What I find frustrating is that depending on the underlying database these sorts of errors are handled in different ways.
I may be misremembering but I’m pretty sure that if you try and write a value that is too long into a text field
- Oracle truncates it by default
- MSSQL skips the whole record
- Postgres causes the workspace to terminate
In the advanced parameters for Oracle formats there’s an option to Enforce Strict Attribute Conversion
Enforce Strict Attribute Conversion
This parameter specifies how the writer proceeds when a problem arises while converting a value from one of a feature’s attributes to an Oracle column value.
Examples of such problems would be the truncation of a string value to fit into the target character column, an error in writing a non-numeric attribute to a numeric column, or an error converting an FME geometry into an SDO_GEOMETRY value.
- Yes: The conversion errors result in warnings. Features are logged and dropped from the translation.
- No: The writer will silently write null values or truncated strings when conversion errors occur.
- Warn: The writer warns and writes null values or truncated strings when conversion errors occur.
Ideally, I'd like to see the same sort of options across all database writers, with an additional option of a rejected port that reports features that are dropped.
I understand though, that the variation in functionality is down to how the DB itself reports and handles the errors so the functionality in FME is limited by that.

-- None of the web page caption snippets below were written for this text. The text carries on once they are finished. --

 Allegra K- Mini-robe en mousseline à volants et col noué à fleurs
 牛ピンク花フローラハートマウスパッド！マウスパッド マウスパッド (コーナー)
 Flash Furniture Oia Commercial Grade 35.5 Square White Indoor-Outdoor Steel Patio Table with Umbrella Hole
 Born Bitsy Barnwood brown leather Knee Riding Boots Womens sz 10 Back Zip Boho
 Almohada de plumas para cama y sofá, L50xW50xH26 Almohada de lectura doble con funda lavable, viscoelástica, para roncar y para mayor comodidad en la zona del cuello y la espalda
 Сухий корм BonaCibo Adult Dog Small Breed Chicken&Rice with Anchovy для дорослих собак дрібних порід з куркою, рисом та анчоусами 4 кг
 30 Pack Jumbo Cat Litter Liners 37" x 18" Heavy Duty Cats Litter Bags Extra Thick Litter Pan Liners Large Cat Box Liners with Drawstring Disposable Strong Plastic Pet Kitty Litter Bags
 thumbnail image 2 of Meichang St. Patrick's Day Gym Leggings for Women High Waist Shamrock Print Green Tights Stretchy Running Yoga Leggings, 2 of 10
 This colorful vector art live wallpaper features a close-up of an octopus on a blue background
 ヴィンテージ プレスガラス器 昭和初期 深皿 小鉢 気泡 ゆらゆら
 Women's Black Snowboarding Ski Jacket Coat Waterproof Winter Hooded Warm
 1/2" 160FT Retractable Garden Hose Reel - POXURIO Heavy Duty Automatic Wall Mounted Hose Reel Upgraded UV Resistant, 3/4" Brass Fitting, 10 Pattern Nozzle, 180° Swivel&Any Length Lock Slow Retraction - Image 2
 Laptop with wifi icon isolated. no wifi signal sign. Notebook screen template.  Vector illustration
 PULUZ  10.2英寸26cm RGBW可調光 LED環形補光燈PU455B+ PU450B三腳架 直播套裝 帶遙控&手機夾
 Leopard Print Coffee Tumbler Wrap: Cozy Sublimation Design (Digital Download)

I resorted to checking values against a schema prior to writing when I encountered a similar issue but I agree it’s easy for people to be caught out by this, and it’s also why the superfluous warning messages that seem to have crept into FME Flow 2024 are irritating. Do you check every job with a warning to check if it’s the ‘normal’ warning you can ignore or a new warning that might actually require some action.
If you want to terminate the workspace on this sort of error could you use the log message streamer to look for the parse warning and send to a terminator? (nb. I’ve not tried this)
In my experience, the safest thing to do is first write data to a staging table in the database. Once this is complete, then immediately read the dataset back out of the staged table into FME and perform a full comparison between the ‘before’ and ‘after’ datasets. I find the Matcher transformer to be quite effective here. While this is obviously resource intensive, it not only allows you to detect if records have been silently dropped by the target database, but it also allows you to detect if the database has truncated or rounded data in ways you did not intend.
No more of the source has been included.